RAW DATA
§

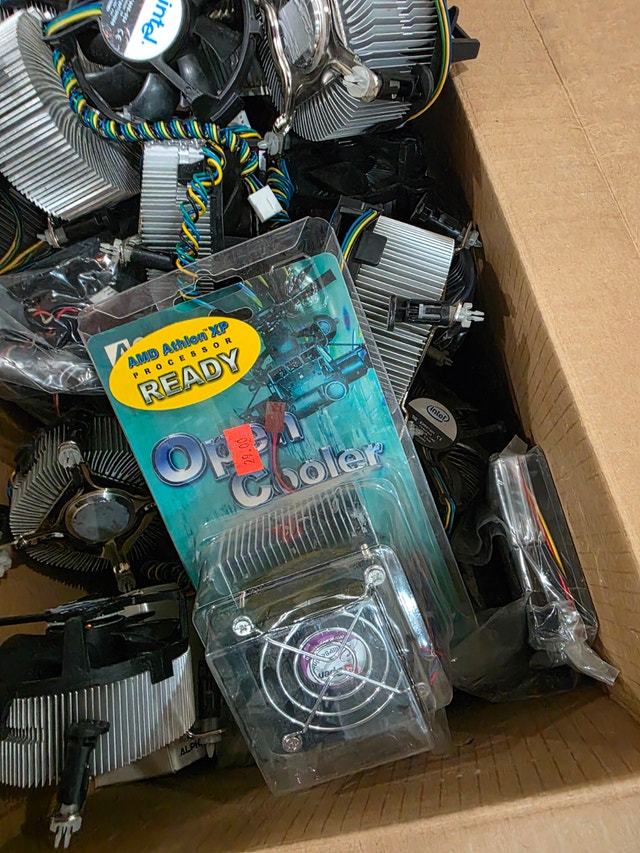 Big box of assorted Intel/AMD CPU Coolers - photo 3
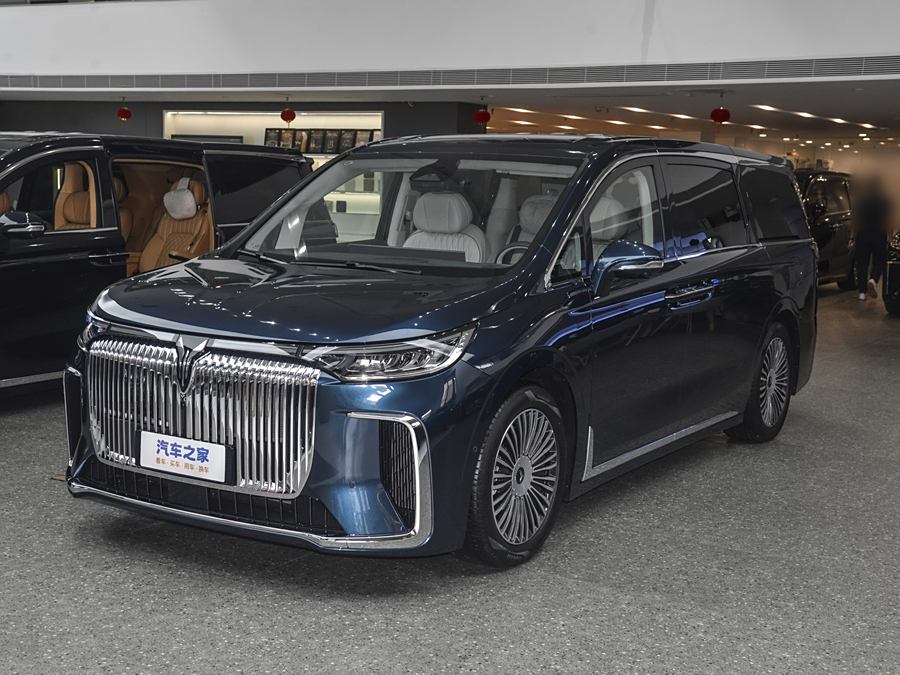 Voyah Dream 2025 2025款 PHEV 四驱卓越鲲鹏版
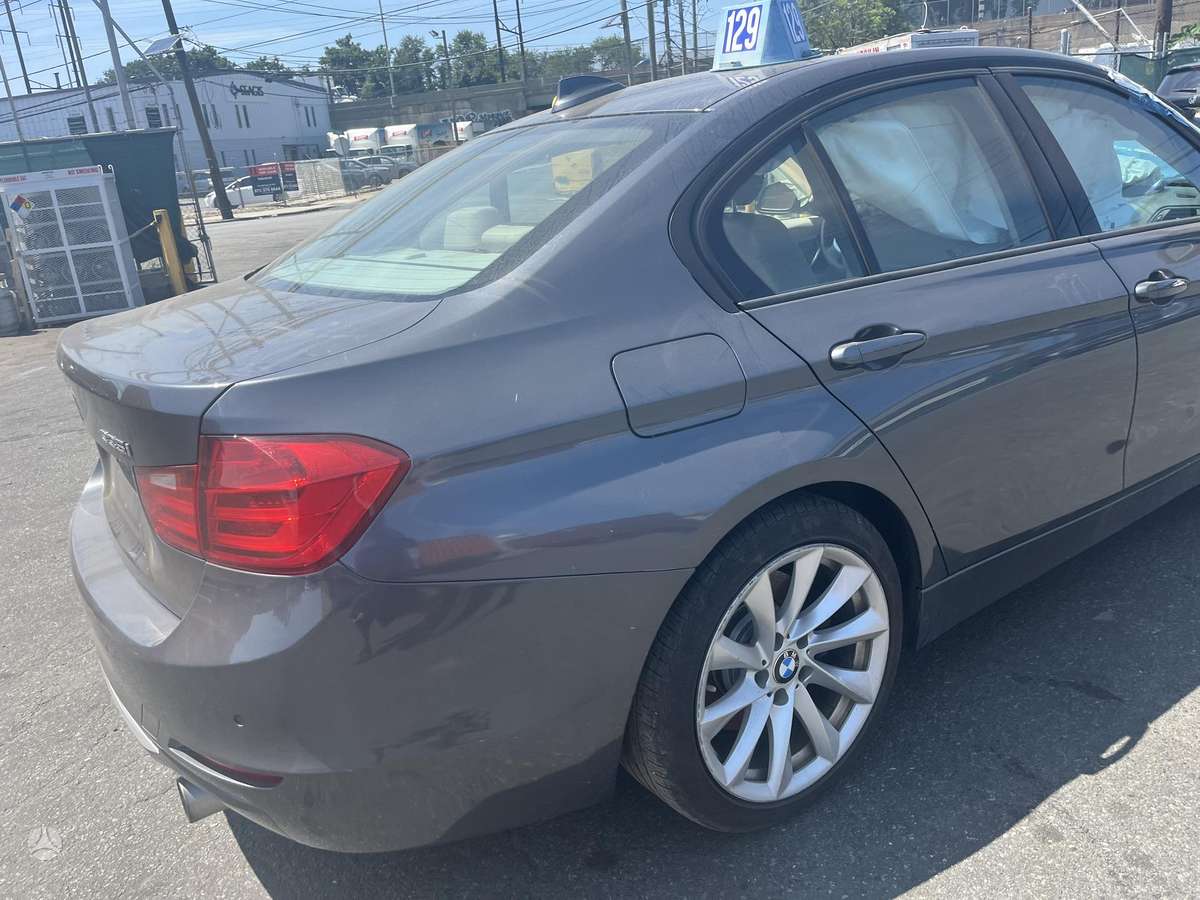 BMW 335, 3.0 l., Седан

§

WHAT YOU WILL DO
Retype the full listing exactly; pictures stay out.

RESPONSE BELOW
 Big box of assorted Intel/AMD CPU Coolers - photo 3
 Voyah Dream 2025 2025款 PHEV 四驱卓越鲲鹏版
 BMW 335, 3.0 l., Седан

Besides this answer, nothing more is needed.